START Extracted entries

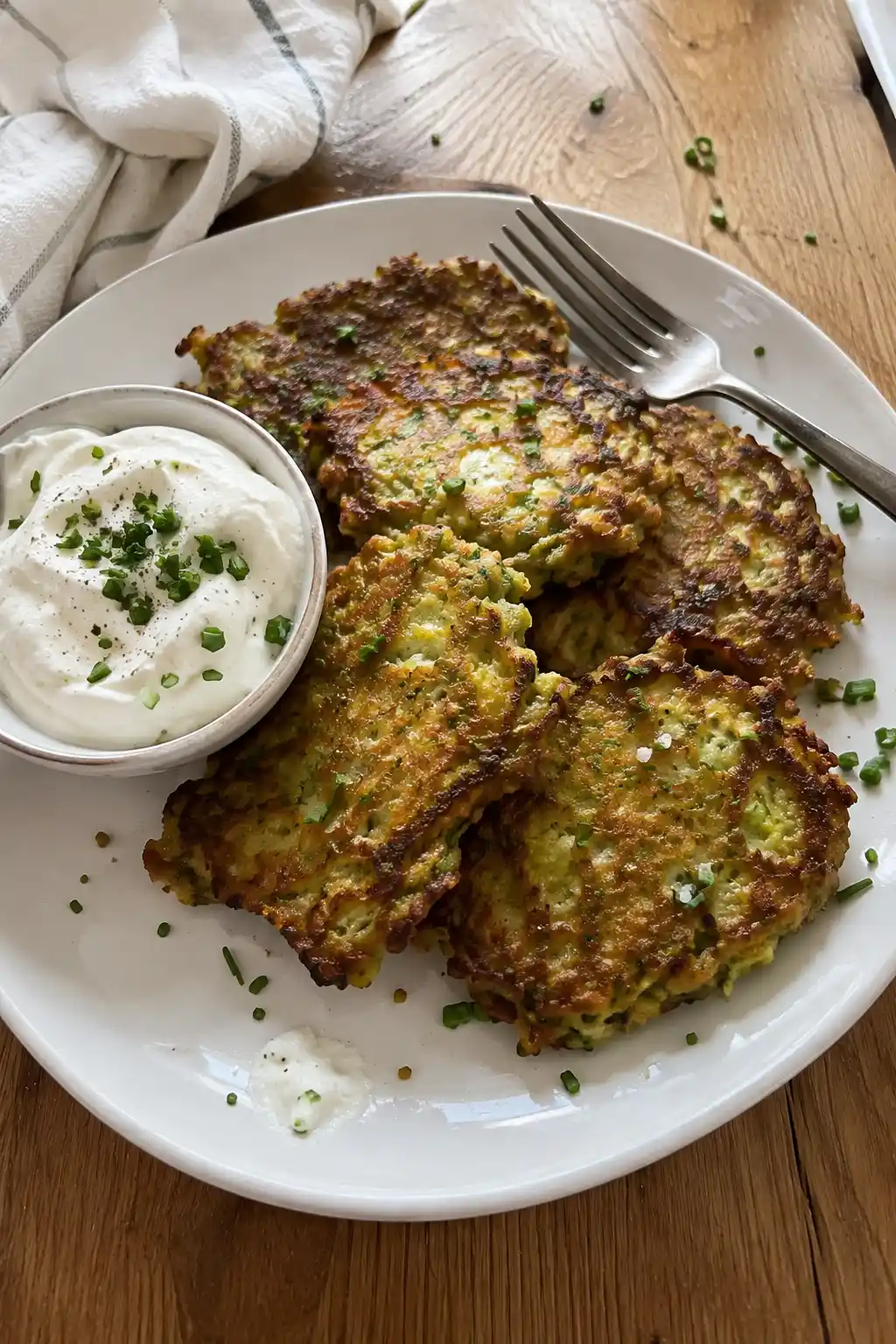 Plate of crispy zucchini fritters served with sour cream and fresh chives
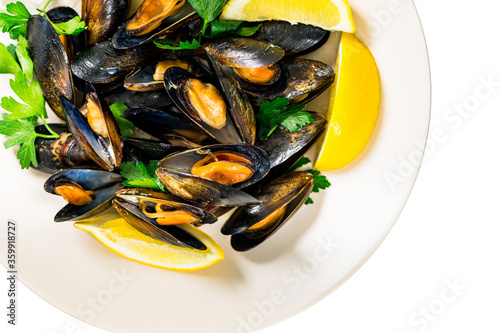 Delicious Seafood Mussels with Lemon and Parsley. Clams in the Shells Isolated on White Background. Selective focus.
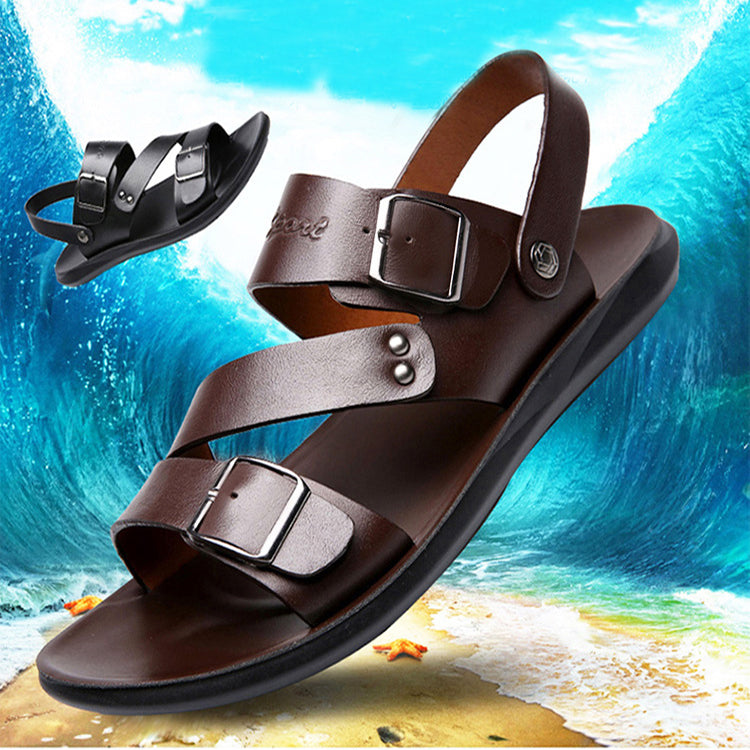 Brown sandals with buckles on a beach background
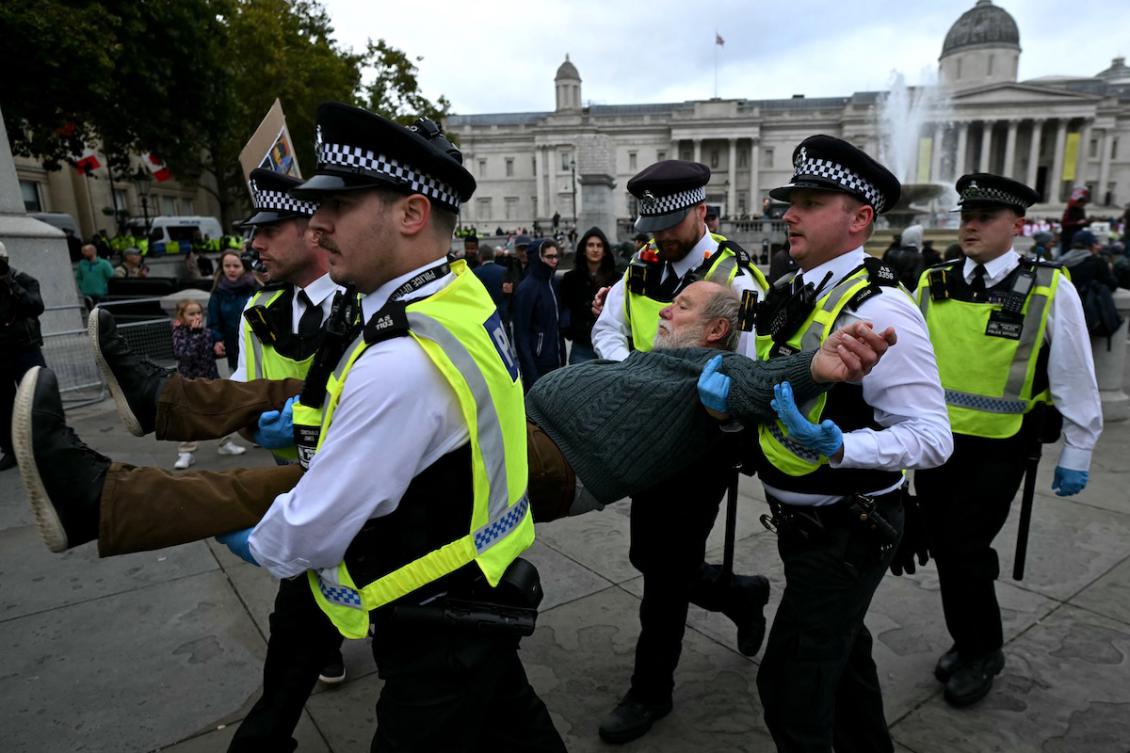 A protester is taken away by police officers at a "Lift The Ban" demonstration in support of the proscribed group Palestine Action, calling for the recently imposed ban to be lifted, in Trafalgar Square, central London, on October 4, 2025. (FILE/AFP)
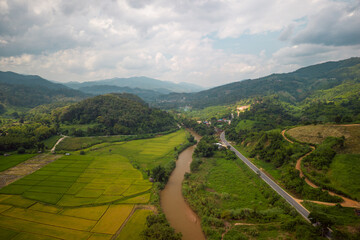 Aerial view of drone flying above village and rice field - 571806970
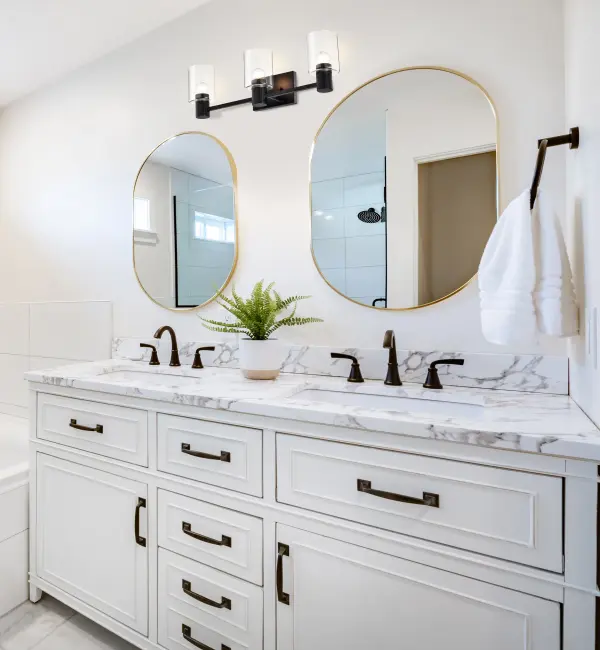 The Clarksville 3-Light Vanity combines clean modern lines with timeless matte black finish and clear glass shades. Perfect for contemporary bathrooms seeking sophisticated simplicity without sacrificing illumination quality. - alternate view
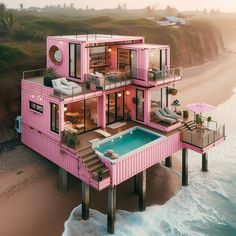 a pink house on the beach with a pool in it's center and deck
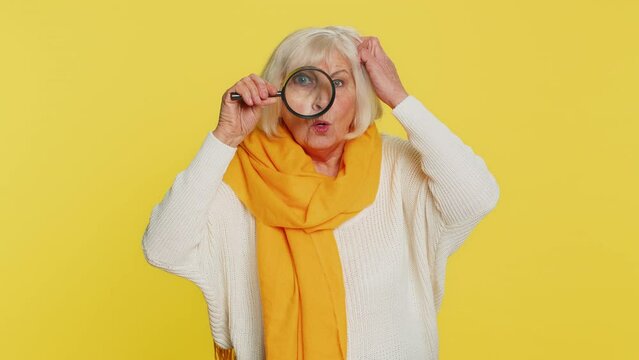 Investigator researcher scientist senior old woman holding magnifying glass near face, looking into camera with big zoomed funny eye, searching, analyzing. Elderly grandmother on yellow background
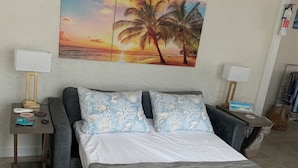 Un dormitorio con una cama, dos mesitas de noche, un cuadro de un atardecer y una lámpara en cada mesita.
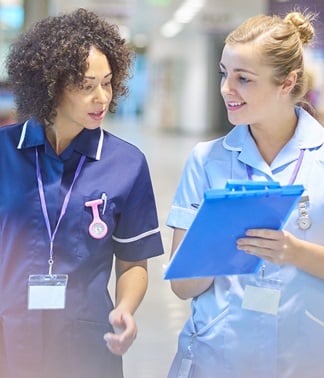 Two nurses discussing the medical information on a clip board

END Extracted entries

Exercise prompt: The answer must be an exact copy of the lines from the start of the records above through the line containing "Brown sandals with", with no pictures in it.

Completed task:
 Plate of crispy zucchini fritters served with sour cream and fresh chives
 Delicious Seafood Mussels with Lemon and Parsley. Clams in the Shells Isolated on White Background. Selective focus.
 Brown sandals with buckles on a beach background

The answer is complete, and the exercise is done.